Alexanne Lepage

Personal information
- Born: October 7, 2005 (age 20)
- Home town: Vernon, British Columbia, Canada

Sport
- Sport: Swimming
- Strokes: Breaststroke
- College team: University of Calgary

Medal record
Women's swimming
Representing Canada
World Championships (SC)
| Bronze medal – third place | 2024 Budapest | 4×100 m freestyle |
Pan Pacific Championships
| Gold medal – first place | 2026 Irvine | 200 m breaststroke |
World Junior Championships
| Gold medal – first place | 2023 Netanya | 100 m breaststroke |
| Gold medal – first place | 2023 Netanya | 200 m breaststroke |
| Silver medal – second place | 2023 Netanya | 4×100 m medley |

= Alexanne Lepage =

Canadian swimmer (born 2005)

Alexanne Lepage (born October 7, 2005) is a Canadian competitive swimmer.

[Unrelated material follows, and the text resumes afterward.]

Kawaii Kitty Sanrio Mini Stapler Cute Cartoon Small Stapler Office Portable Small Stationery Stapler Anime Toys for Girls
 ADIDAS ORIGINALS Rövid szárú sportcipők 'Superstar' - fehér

==Early life and education==
Lepage swims at the collegiate level for the University of Calgary. She was named the 2023 Canada West Women's Swimmer of the Year and Rookie of the Year. At the 2026 Canada West championships, she won gold in the 50, 100 and 200 metre breaststroke, as well as the 400 metre individual medley, while contributing to three silver medal relay finishes. She continued her success at the U SPORTS championships, where she established new Canadian records in the 50 and 100 metre breaststroke. She concluded nationals with four individual gold medals and three relay silver medals. She was subsequently named the 2026 University of Calgary Athlete of the Year.

==Career==
In August 2026, she competed at the 2026 Pan Pacific Swimming Championships and won a gold medal in the 200 metre breaststroke with a time of 2:21.73.